Traditional prevention-focused, perimeter-based, manual security measures were already obsolete before anyone discussed AI-based cyberattacks. Enterprises were already flooding with hundreds—often thousands—of alerts, and hundreds of thousands of malicious files, to analyze every day. And conventional rules-based cybersecurity had already begun to fail against the plethora of unknown attacks—and often unknown attackers—facing enterprises.
By the end of 2017, organizations already faced attackers who produced a flood of complex threat data much greater than they could handle with human-only teams. The addition of AI to automate and accelerate cyberattacks will offer a significant problem in 2018. But it is not a new problem—it is an escalation of the data-focused threat landscape we have already been contending with.

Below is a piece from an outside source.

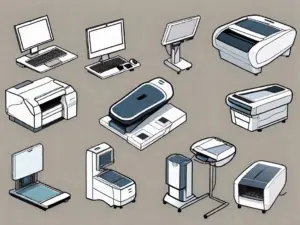 Various types of scanners including a flatbed scanner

AI will only deliver one big game change in 2018— cybersecurity providers will begin to deploy their own AI-driven defenses as a standard service.
In 2018, at a base level, AI will give cybersecurity providers the power, speed, and precision they require to effectively handle the accelerating influx of threat data produced by modern cyberattacks. AI-driven systems will work much faster than any human could, and give cybersecurity experts the ability to contend with their massive volume of endlessly varied cyberattacks.
AI will provide value throughout the entire IT stack, and enhance the entire spectrum of cyberdefense activities. It will assist cybersecurity teams as they perform error-free monitoring of the entire IT stack, collect and analyze security data from different data repositories, track various threats, calculate existing vulnerabilities, and triangulate existing breaches. In the event of a breach, the proper AI-driven system will offer intelligent recommendations for threat response, and allow cybersecurity teams to limit damage from a threat within minutes.
Properly deployed, AI will give organizations near-real-time detection to their attacks. And, when properly applied to threat anticipation, AI will provide pre-emptive detection of attacks, by informing organization about which new threats are likely to strike them, and giving organizations effective preventative capabilities for the first time in years.
These capabilities are already deployed by best-in-class modern cybersecurity providers. But as cybercriminals increasingly leverage their own AI to augment their attacks in 2018, these capabilities will be seen as increasingly necessary at every level.
2018 will likely be a year of transition for AI in cyberdefense. Many organizations are still using an MSSP, or have developed an internal SOC, which do not offer mature, end-to-end AI capabilities. But as more organizations adopt a Managed Detection and Response (MDR) service, AI will become a standard element of every effective security posture.
Organizations are waking to this need. Currently, 56% of organizations are actively deploying or investigating security as a service. That percentage will only increase in 2018, as AI continues to act as a major force in both cyberattacks and cybersecurity.